Some of the famous eighteenth-century cabinetmakers produced the tall cases. John Goddard and John Townsend, who made such beautiful furniture in Newport, Rhode Island, built fine clock cases with a block-and-shell motif in the long panel. Probably many of the skilled cabinetmakers who turned out the Philadelphia Chippendale furniture made some clock cases too. There is no question of the grace and beauty of the cases that were made by master cabinetmakers, but it should go without saying that some tall cases were finer than others. However, even the crudest ones, if they can be authenticated as having been made during the 1700's, are to be treasured -or sold for a good price today. Some of the oldest clocks have been repaired or worked on by later clockmakers, not always to the advantage of the clocks.
The dials are sometimes more interesting than the wooden cases. Originally, dials were brass with numerals engraved on a silver ring. After 1770, these were gradually supplanted by painted or enameled dials. The dials of the early tall-case clocks with flat tops were square. When the arched top began to be made soon after 1700, the dial also was arched, with a cartouche or semicircle above the dial proper. The four spandrels, or pie-shaped corner pieces, that filled out the round face were sometimes decorated with floral sprays or figures, or with ornamental metalwork.
Clockmakers often signed their names and perhaps places of business on the dial. This signature frequently was on the cartouche. Then, about 1720, motion was carried to the cartouche. Within it might be a ship that rocked in the sea, a deer that pranced, Father Time with his scythe, or some other animated figure that seemed appropriate. Soon afterward, some clockmaker thought of making a moon wheel that would progress through the moon's monthly phases, and the cartouche became the obvious place for this.

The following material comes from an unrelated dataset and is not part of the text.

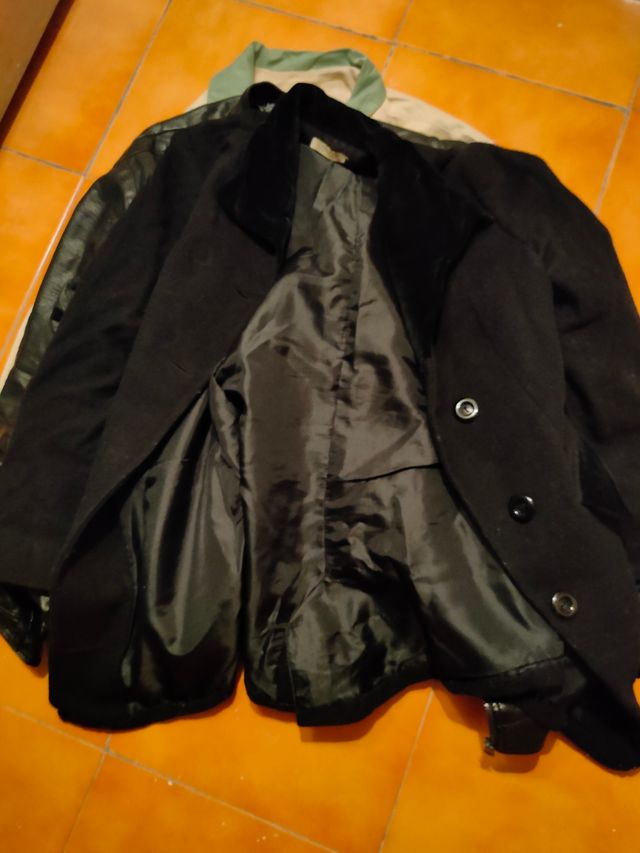 LOTE DE CAZADORAS VARIADAS PRECIO POR TODAS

The two hemispheres that obscured the moon for certain of its phases became part of the cartouche too. The moon wheel, which usually had a "Man in the Moon" face-some of the moon cartouches also had painted sky and gold stars-had to be set independently of the clock, but it could be quite accurate. A variation, not as widely made as the moon wheel, was the planetarium, which showed the motion of several planets, including Uranus, Jupiter, Saturn, and Earth.
Tall-case clocks struck the hour, of course, and most of them the half- and quarter-hours too. On the hour, the number was struck. The quarters and half-hour usually were differentiated by different notes or combinations of notes. Some tall-case clocks had chimes -that is, a set of five to twelve bells tuned to a musical scale. Chimes usually played a recognizable tune on the hour, and some, during the late 1700's, were adjusted to play more than one tune.

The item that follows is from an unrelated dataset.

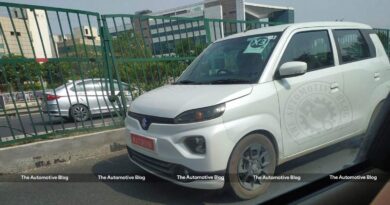 Maruti Suzuki WagonR EV Grabs Car Enthusiasts’ Attention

A tall-case clock was as much a symbol of a family's wealth and community standing as silverware. Even during the 1700's, such a clock could cost several hundred dollars, and so anyone who owned one was-understandably-quite likely to mention it in his will. In fact, these cherished tallcase clocks were almost always handed down carefully from generation to generation.

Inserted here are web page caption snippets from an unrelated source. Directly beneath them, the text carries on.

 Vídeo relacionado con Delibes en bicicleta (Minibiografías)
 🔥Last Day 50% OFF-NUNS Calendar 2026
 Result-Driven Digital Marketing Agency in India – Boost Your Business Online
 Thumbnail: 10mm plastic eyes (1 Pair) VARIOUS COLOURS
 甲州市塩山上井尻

Of all the clockmakers who were busy in and around Philadelphia during the 1700's and up until about 1850, the greatest one was David Rittenhouse. At the age of seventeen, he had established himself as a maker of accurate clocks. Actually, Rittenhouse was as much a scientist as he was a clockmaker. He was an associate of Benjamin Franklin in the American Philosophical Society and succeeded Franklin as the Society's president.
No one is likely to stumble on a Rittenhouse tall-case clock (he probably made no more than 100 in his 47 years of work at this trade). Nor is there much possibility of finding a clock made by Matthias W. Baldwin, who was a maker of tall-case clocks in Philadelphia in the early 1800's, before he turned to locomotives. Samuel Bispham was working in Philadelphia as early as 1696.